Terbaring dengan tenang, istri tercinta dan ibu terkasih

Wanita mulia yang  berumah di surga

Mariana AS

Lahir 1 Januari 1968

Wafat 14  Februari  2005

Maka Mariana merasa dadanya menghangat. Lihatlah, lihat. Kak Saut tak melupakannya. Kak Saut mencintai dan memuliakannya. Epitaf indah ini adalah buktinya. Maka kelirulah engkau wahai malaikat penjaga kubur!

Ada yang berdesir di belakangnya. Mariana berbalik. Di bawah cahaya bulan ia dapati si malaikat penjaga kubur mengapung dan  berpendar di atas sebuah makam. Dengan sepasang sayap serupa dua bentang kepak angsa (putih lembut demikian bercahaya!), si malaikat tampak teduh dan indah. Mariana menelan ludah sebelum berujar. “Aku rasa kau keliru.”
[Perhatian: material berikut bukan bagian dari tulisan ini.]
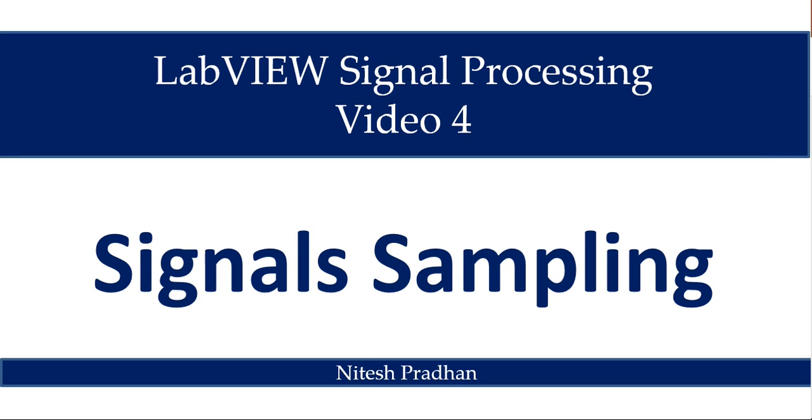Hello, I am Neitesh Pradhan from LabVIEW Programming. It is our fourth video in the series of signal processing using LabVIEW. Our topic is signal sampling.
Si malaikat melayang mendekat tak menjejak. “Jangan bilang kau berubah pikiran, Mariana.”

“Tapi lihatlah,” Mariana menuding makam dan nisannya yang porak poranda, “suamiku jelas mencintaiku. Sebab untuk apa ia membangun nisan merah jambu kalau bukan karena cinta untukku?”

“Karena sebentuk makam dan nisan merah jambu kau pikir suamimu benar mencintaimu?”

“Tulisan di nisan itu….”

Si malaikat tertawa. Sayapnya terguncang-guncang. Beberapa lembar bulu putih melayang jauh dan lenyap menjadi cahaya yang sebentar.

“Mariana, Mariana. Semikian percaya engkau pada suamimu? Tidakkah engkau mengingat segala hal yang kita bicarakan bersama saat kau masih di liang kubur?”

“Aku ingat, tapi kau bisa saja keliru.”

“Aku boleh keliru. Tapi waktu itu kau sendiri juga mulai sangsi. Kau sendiri yang memutuskan untuk bangkit dan membuktikan semua ucapanku. Aku hanya memberimu tawaran. Ingat itu.”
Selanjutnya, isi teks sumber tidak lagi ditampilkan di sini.